# DIY OLL algorithm 'cheat sheet'



## pipkiksass (Mar 12, 2014)

I've been meaning to learn full OLL for months. A long time ago, I printed Bob Burton's and Badmephisto's algs. Some of them I liked, for others I found algs in the Wiki, or from various other sources. I found myself carrying around various folded pieces of paper, some with algs crossed out, or notes, or diagrams that didn't correspond to the angle from which I performed an alg...

Anyway, when an alg slips out of my mind, or I confuse it with another one, I can never remember where I found it. So I decided to create a blank OLL algorithm 'cheat sheet'. It's nothing special, just a Word document, so can be opened in Word, OpenOffice, Pages, etc.. 

The advantages:

1. You can print out a copy without algs, and write them in by hand, consolidating your favourite algs from the wiki, or your website(s) of choice

2. You can rotate the gifs easily (right click > rotate) to show the angle from which you perform the selected OLL

3. You can then update the document, rotating gifs and typing in the algs, for a personalised OLL 'cheat sheet'. 

Hope it's of some use to someone. 

View attachment Blank OLL Sheet.zip

Pip


----------



## MrDemir (Mar 12, 2014)

gj , thanks.


----------



## Nilsibert (Mar 12, 2014)

Too late, I already learned full OLL

Seriously though, good job on this! 
Learning full OLL is not as bad as you think btw. It took me a while to commit to it, but it's actually not too bad. There's still 2 that I always forget for some reason :/


----------



## pipkiksass (Mar 12, 2014)

Nilsibert said:


> Too late, I already learned full OLL
> 
> Seriously though, good job on this!
> Learning full OLL is not as bad as you think btw. It took me a while to commit to it, but it's actually not too bad. There's still 2 that I always forget for some reason :/



Yeah I know it's not too bad. 

There's 2 algs I use which have the same 5 move setup, and I'm forever confusing them because I have OLLs scribbled down all over the place, as I've learnt them so intermittently.

Gj on full OLL - I'll be joining you there soon!


----------



## Logiqx (Mar 12, 2014)

I hope you don't mind me dropping in on your post.

It's only a day or two since I finished my own DIY cheat sheet(s) for OLL. I wasn't planning to share them but they may be of interest to other people contemplating OLL. I wasn't really planning to learn OLL when I started cubing but I seem to change my mind a lot. 

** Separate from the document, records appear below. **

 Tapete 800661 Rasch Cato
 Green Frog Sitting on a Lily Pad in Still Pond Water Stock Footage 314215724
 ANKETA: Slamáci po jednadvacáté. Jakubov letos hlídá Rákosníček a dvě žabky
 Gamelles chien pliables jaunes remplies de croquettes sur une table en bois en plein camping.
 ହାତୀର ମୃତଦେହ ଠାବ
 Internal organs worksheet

I started off by drawing a grid representing the corner and edge orientations. For me it was a nice way to become familiar with all of the shapes and look for any commonality in the algorithms.

I've done two sets of laminated cheats sheets for myself:

- Main sheet uses the grid layout seen below. Printed on a single sheet of A4 but double-sided (first photo)
- Learning sheets with half the number of algs per page, grouped as per the animation. Printed on 2 sheets of A4 but double-sided (second photo)

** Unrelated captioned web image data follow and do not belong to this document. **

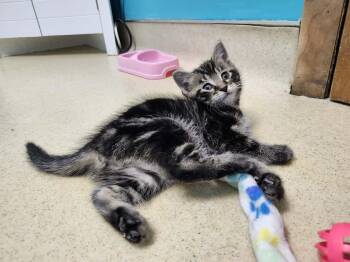 Domestic Short Hair Cats Available for Adoption in Reynoldsburg, Ohio - Mush | PetCurious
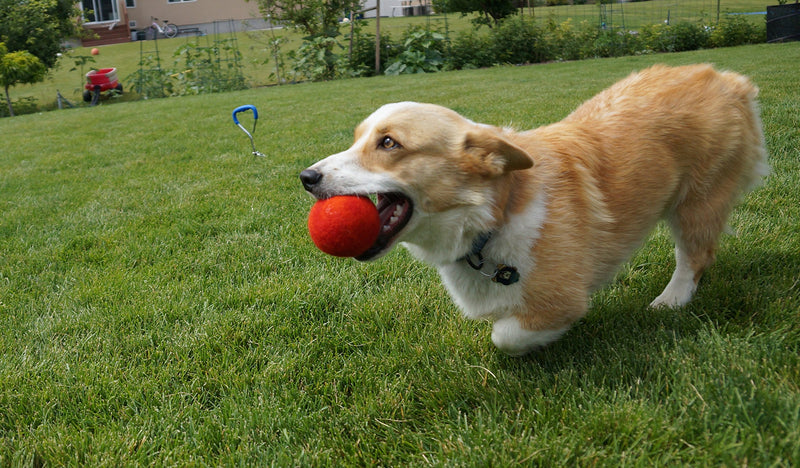 [Australia] - Pet Pizazz 3-Pack 100% Wool Dog Balls (Indoor or Outdoor Toy, Boutique Quality, All-Natural) 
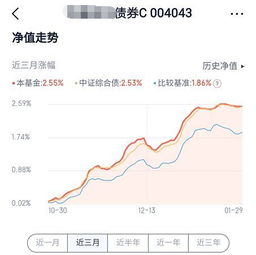 债券基金怎么持有金额会变少了?但是利息还有几百元啊。如果你说亏损了，应该是利息这边啊。例如1w本金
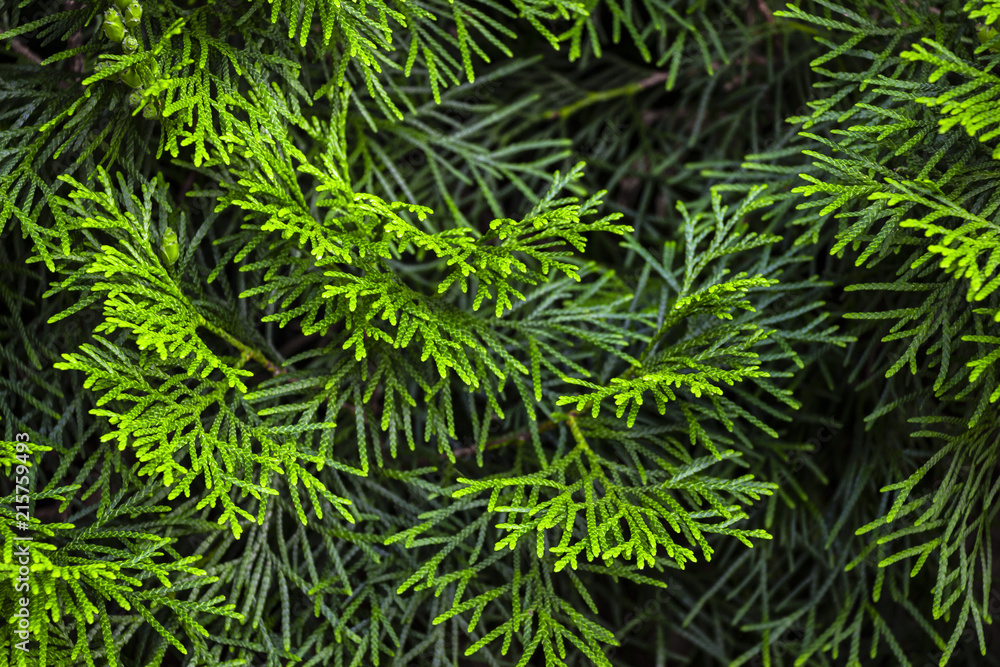 Green twigs of young thai close-up as background. Green twigs of young thai close-up as background.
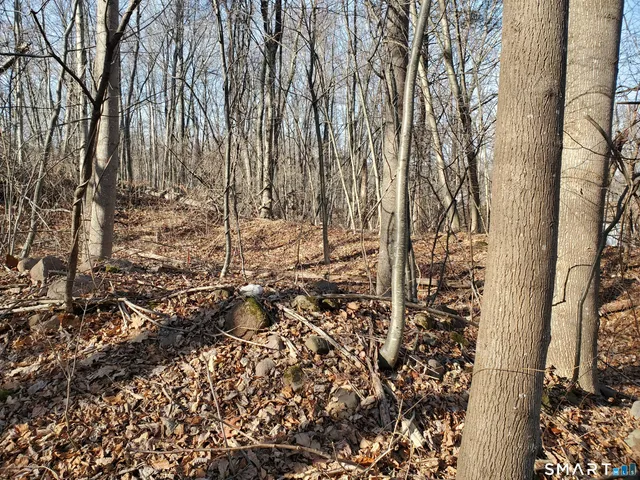 a view of outdoor space with trees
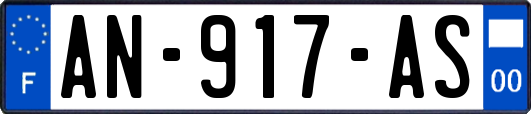 AN-917-AS
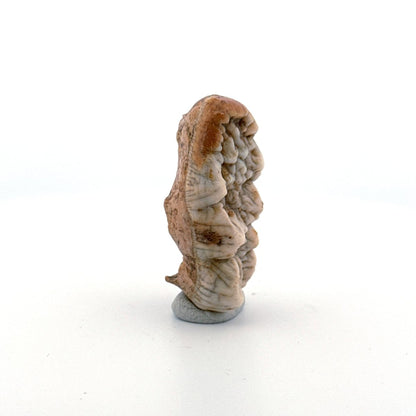 Cave Bear (Ursus spelaeus) molar crown from pleistocene, Rumania (1.75") - FossilsAndMore
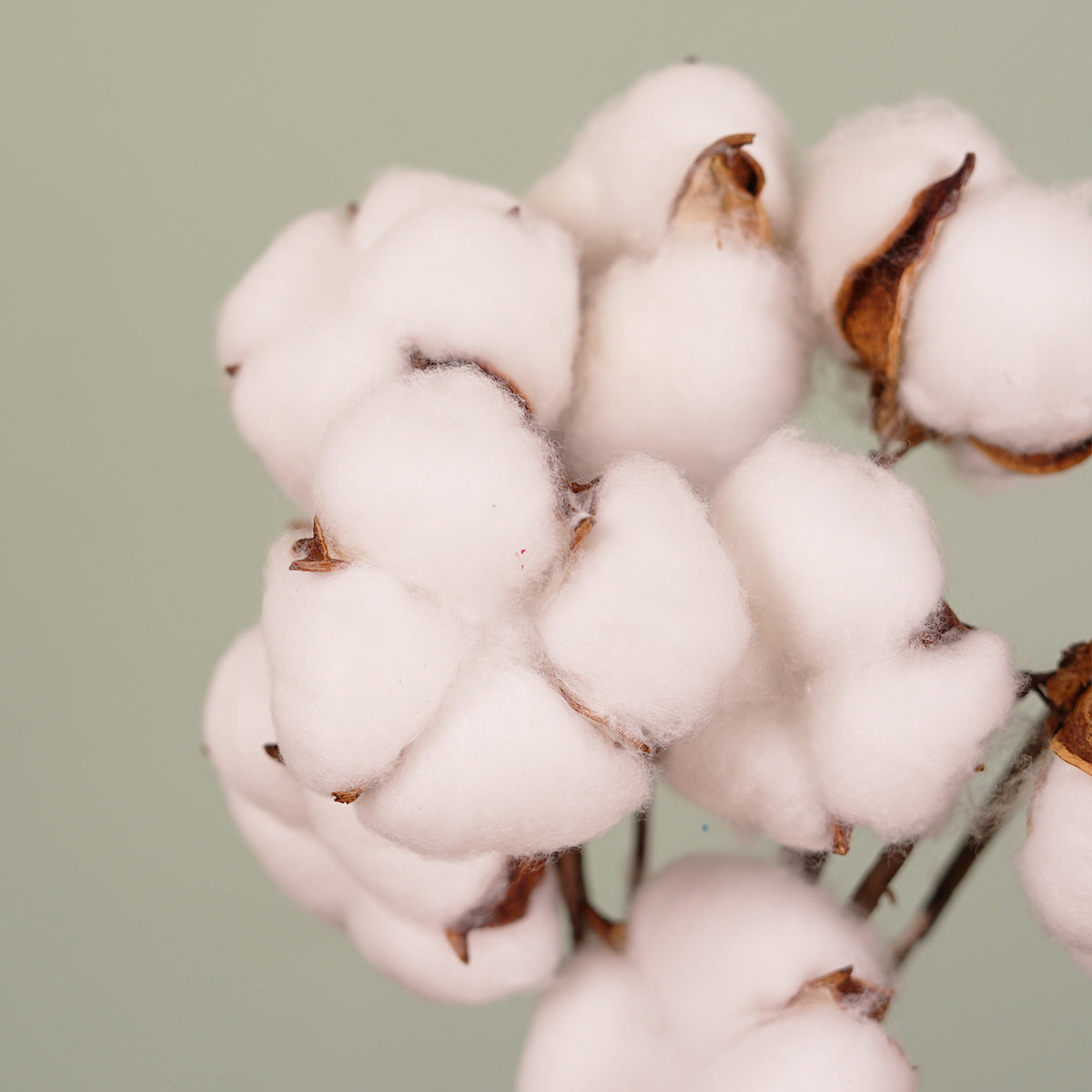 Everlasting Dried Cotton Bouquet - Miss One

They're nothing special... just Word documents.

Feel free to make use of my work for yourselves. Just like the original post you can easily change the algs and rotate the images.

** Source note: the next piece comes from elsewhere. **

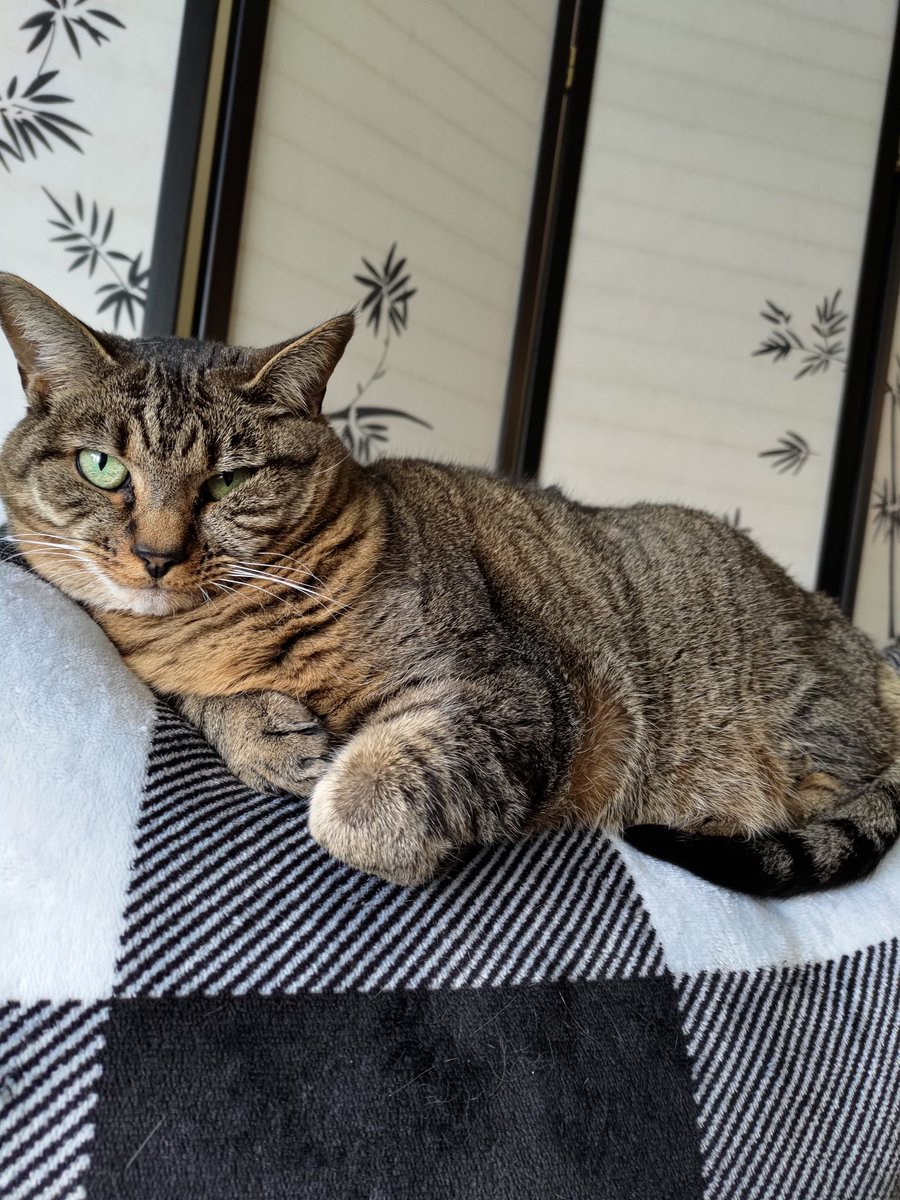 Things have taken a turn for the worst with our cat Moo. She's been battling kidney failure, and the past week has been bad. After 4 days in the hospital she's only suffering. Taking her in today to be peacefully put down. No stream today, I need to be with the Mrs who is just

http://cubing.mikeg.me.uk/DIY/OLL_DIY.zip - without algorithms
http://cubing.mikeg.me.uk/DIY/OLL.zip - includes example algorithms and subtle changes to layout

It's not hard to create cheat sheets from scratch but these might be helpful to someone.


----------



## pipkiksass (Mar 12, 2014)

Logiqx said:


> I hope you don't mind me dropping in on your post.



Not at all - your gifs are way nicer than mine, so I'll probably use your docs instead of my own!  

I may edit your docs and repost them with no algs, unless you fancy doing this yourself? The idea of the thread is a 'DIY' alg sheet, so cubers can decide on their own algs for each case, rather than be influenced by someone else's collection. 

Most of my algs, personally, come from four main sources: Badmephisto, Bob Burton's CubeWhiz, Sarah Strong's cubing website, and Brad Cottom's OLL series on YouTube. I would highly recommend checking out as many different algs as possible for each case, especially if you aren't too keen on the first one you find.

Anyhoo, thanks for contributing to the thread, your docs are much prettier than mine!


----------



## Logiqx (Mar 12, 2014)

pipkiksass said:


> I may edit your docs and repost them with no algs, unless you fancy doing this yourself?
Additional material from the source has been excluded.